Tagged as: Dating, Family<< Previous question   Next question >>
Question - (2 November 2010) 6 Answers - (Newest, 3 November 2010)
A female United States age 30-35, anonymous writes:

Ok, basically...I am feeling like I have to choose between my boyfriend of a year and my family. I have always been reallyyyy close to my family - my parents and my 3 siblings. My siblings know me as I am but I suppose I've always hidden a lot about me to my parents. They are very conservative and christian and I always hid the party side of myself from them. (Hey, I was a college student, it's not wrong to party.) Also, I live about a little over an hour from my parents and 2-4 hours from the rest of them. Before my boyfriend I was travelling to see family anywhere from 1 to all weekends out of the month, whether it be a day trip or a whole weekend trip. Moreover.. I've always been the baby of my family and my parents always butted too much into my business.
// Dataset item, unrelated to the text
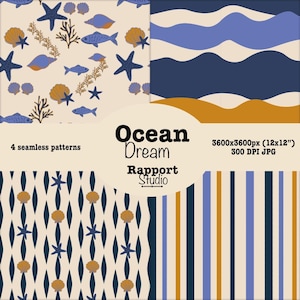 Pode incluir: Quatro padrões sem costura com tema oceânico. Os designs incluem estrelas do mar, conchas e peixes em azul e laranja sobre um fundo creme. Outros padrões apresentam ondas azuis e listras verticais. O texto "Ocean Dream" também é visível.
My boyfriend pointed out, and I agree, that I missed out on something every kid goes through - to break away from your parents and show you are old enough to take care of yourself. He has spent much time and effort with me helping me to do so throughout the relationship. I've told my parents I was doing things they didn't approve of - like moving in with him - and I've gotten into a feud with my mom which ended with her agreeing not to make me feel obligated to do things. I've cut myself off financially, etc.

After all this time, I feel as though I have completely cut myself off from my home life. And when I do go home now, I don't feel the same. I feel like I'm making up for lost time and not just enjoying it like it's just what I decided to do that weekend - if that makes sense. I don't see any of my home friends except for one - who I saw about 3 times in the past 1-2 months but before that I rarely saw her for a much longer period of time, and I think it's going to be a while before I see her again now. I haven't seen extended family in a while and I used to be very close to my mom's side and see them semi-often.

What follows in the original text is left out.